## How to complete this task:
Entries follow. Set all of them down as they stand.

################

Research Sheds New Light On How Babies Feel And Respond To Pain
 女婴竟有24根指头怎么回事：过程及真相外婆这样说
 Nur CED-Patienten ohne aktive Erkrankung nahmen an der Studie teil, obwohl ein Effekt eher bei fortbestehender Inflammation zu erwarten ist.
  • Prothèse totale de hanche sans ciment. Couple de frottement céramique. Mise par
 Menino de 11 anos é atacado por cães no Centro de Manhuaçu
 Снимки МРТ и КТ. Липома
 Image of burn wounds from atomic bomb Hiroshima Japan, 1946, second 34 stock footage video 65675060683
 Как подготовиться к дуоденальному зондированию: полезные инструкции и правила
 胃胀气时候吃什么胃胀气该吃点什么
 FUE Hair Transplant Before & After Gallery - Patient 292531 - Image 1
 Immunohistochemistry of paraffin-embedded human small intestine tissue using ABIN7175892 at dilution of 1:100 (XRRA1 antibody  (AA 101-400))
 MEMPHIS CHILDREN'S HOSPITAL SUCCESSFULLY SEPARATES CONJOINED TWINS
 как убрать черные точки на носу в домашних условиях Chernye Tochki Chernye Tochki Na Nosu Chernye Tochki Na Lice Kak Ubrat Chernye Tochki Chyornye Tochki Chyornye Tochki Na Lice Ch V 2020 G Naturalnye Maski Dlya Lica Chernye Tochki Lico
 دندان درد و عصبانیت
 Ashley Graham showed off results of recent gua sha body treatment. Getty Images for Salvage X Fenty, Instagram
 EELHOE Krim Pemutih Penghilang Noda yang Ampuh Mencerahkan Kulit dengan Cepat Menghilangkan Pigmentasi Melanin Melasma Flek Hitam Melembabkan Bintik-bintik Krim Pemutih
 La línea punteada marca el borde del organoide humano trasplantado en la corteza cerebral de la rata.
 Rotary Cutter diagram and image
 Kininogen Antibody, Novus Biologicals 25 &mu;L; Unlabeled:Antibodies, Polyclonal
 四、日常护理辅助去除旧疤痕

################

## Written reply:
Research Sheds New Light On How Babies Feel And Respond To Pain
 女婴竟有24根指头怎么回事：过程及真相外婆这样说
 Nur CED-Patienten ohne aktive Erkrankung nahmen an der Studie teil, obwohl ein Effekt eher bei fortbestehender Inflammation zu erwarten ist.
  • Prothèse totale de hanche sans ciment. Couple de frottement céramique. Mise par
 Menino de 11 anos é atacado por cães no Centro de Manhuaçu
 Снимки МРТ и КТ. Липома
 Image of burn wounds from atomic bomb Hiroshima Japan, 1946, second 34 stock footage video 65675060683
 Как подготовиться к дуоденальному зондированию: полезные инструкции и правила
 胃胀气时候吃什么胃胀气该吃点什么
 FUE Hair Transplant Before & After Gallery - Patient 292531 - Image 1
 Immunohistochemistry of paraffin-embedded human small intestine tissue using ABIN7175892 at dilution of 1:100 (XRRA1 antibody  (AA 101-400))
 MEMPHIS CHILDREN'S HOSPITAL SUCCESSFULLY SEPARATES CONJOINED TWINS
 как убрать черные точки на носу в домашних условиях Chernye Tochki Chernye Tochki Na Nosu Chernye Tochki Na Lice Kak Ubrat Chernye Tochki Chyornye Tochki Chyornye Tochki Na Lice Ch V 2020 G Naturalnye Maski Dlya Lica Chernye Tochki Lico
 دندان درد و عصبانیت
 Ashley Graham showed off results of recent gua sha body treatment. Getty Images for Salvage X Fenty, Instagram
 EELHOE Krim Pemutih Penghilang Noda yang Ampuh Mencerahkan Kulit dengan Cepat Menghilangkan Pigmentasi Melanin Melasma Flek Hitam Melembabkan Bintik-bintik Krim Pemutih
 La línea punteada marca el borde del organoide humano trasplantado en la corteza cerebral de la rata.
 Rotary Cutter diagram and image
 Kininogen Antibody, Novus Biologicals 25 &mu;L; Unlabeled:Antibodies, Polyclonal
 四、日常护理辅助去除旧疤痕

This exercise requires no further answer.